10. We commence by placing one pound on each of the hooks. The cords are first seen to make a few oscillations and then to settle into a definite position. If we disturb the cords and try to move them into some new position they will not remain there; when released they will return to the places they originally occupied. We now concentrate our attention on the central point D, at which the three forces act. Let this be represented by O in Fig. 4, and the lines OP, OQ, and OS will be the directions of the three cords.

On examining these positions we find that the three angles P O S, Q O S, P O Q, are all equal. This may very easily be proved by holding behind the cords a piece of cardboard on which three lines meeting at a point and making equal angles have been drawn; it will then be seen that the cords coincide with the three lines on the cardboard.

11. A little reflection would have led us to anticipate this result. For the three cords being each stretched by a tension of a pound, it is obvious that the three forces pulling at O are all equal. As O is at rest, it seems obvious that the three forces must make the angles equal, for suppose that one of the angles, P O Q for instance, was less than either of the others, experiment shows that the forces O P and OQ would be too strong to be counteracted by O S. The three angles must therefore be equal, and then the forces are arranged symmetrically.
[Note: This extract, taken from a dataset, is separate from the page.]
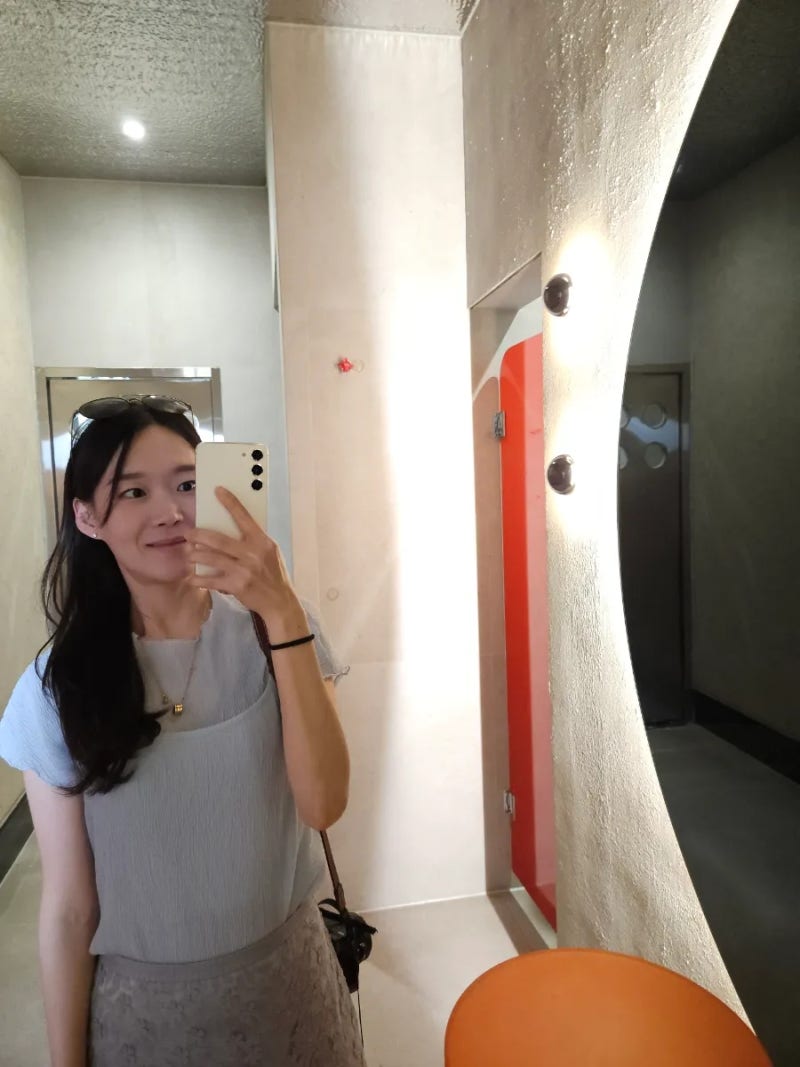 잇미샤 26SS 후기｜여름쿨톤 추천 스커트·블라우스·티셔츠 3종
12. The forces being each 1 lb., mark off along the three lines in Fig. 4 (which represent their directions) three equal parts O P, O Q, O S, and place the arrowheads to show the direction in which each force is acting; the forces are then completely represented both in position and in magnitude.

Since these forces make equilibrium, each of them may be considered to be counteracted by the other two. For example, O S is annulled by O Q and O P. But O S could be balanced by a force O R equal and opposite to it. Hence OR is capable of producing by itself the same effect as the forces O P and OQ taken together. Therefore O R is equivalent to O P and OQ. Here we learn the important truth that two forces not in the same direction can be replaced by a single force. The process is called the _composition of forces_, and the single force is called the _resultant_ of the two forces. O R is only one pound, yet it is equivalent to the forces O P and O Q together, each of which is also one pound. This is because the forces O P and O Q partly counteract each other.
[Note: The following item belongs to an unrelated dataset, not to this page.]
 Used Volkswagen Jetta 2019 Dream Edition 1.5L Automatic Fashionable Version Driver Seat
13. Draw the lines P R and Q R; then the angles P O R and Q O R are equal, because they are the supplements of the equal angles P O S and Q O S; and since the angles P O R and Q O R together make up one-third of four right angles, it follows that each of them is two-thirds of one right angle, and therefore equal to the angle of an equilateral triangle. Also O P being equal to O Q and O R common, the triangles O P R and O Q R must be equilateral. Therefore the angle P R O is equal to the angle R O Q; thus P R is parallel to O Q; similarly Q R is parallel to O P; that is, O P R Q is a parallelogram. Here we first perceive the great law that the resultant of two forces acting at a point is the diagonal of a parallelogram, of which they are the two sides.
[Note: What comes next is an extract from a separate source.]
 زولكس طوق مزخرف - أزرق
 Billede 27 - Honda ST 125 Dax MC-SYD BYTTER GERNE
14. This remarkable geometrical figure is called the _parallelogram of forces_. Stated in its general form, the property we have discovered asserts that two forces acting at a point have a resultant, and that this resultant is represented both in magnitude and in direction by the diagonal of the parallelogram, of which two adjacent sides are the lines which represent the forces.

15. The parallelogram of forces may be illustrated in various ways by means of the apparatus of Fig. 3. Attach, for example, to the middle hook G 1·5 lb., and place 1 lb. on each of the remaining hooks E, F. Here the three weights are not equal, and symmetry will not enable us, as it did in the previous case, to foresee the condition which the cords will assume; but they will be observed to settle in a definite position, to which they will invariably return if withdrawn from it.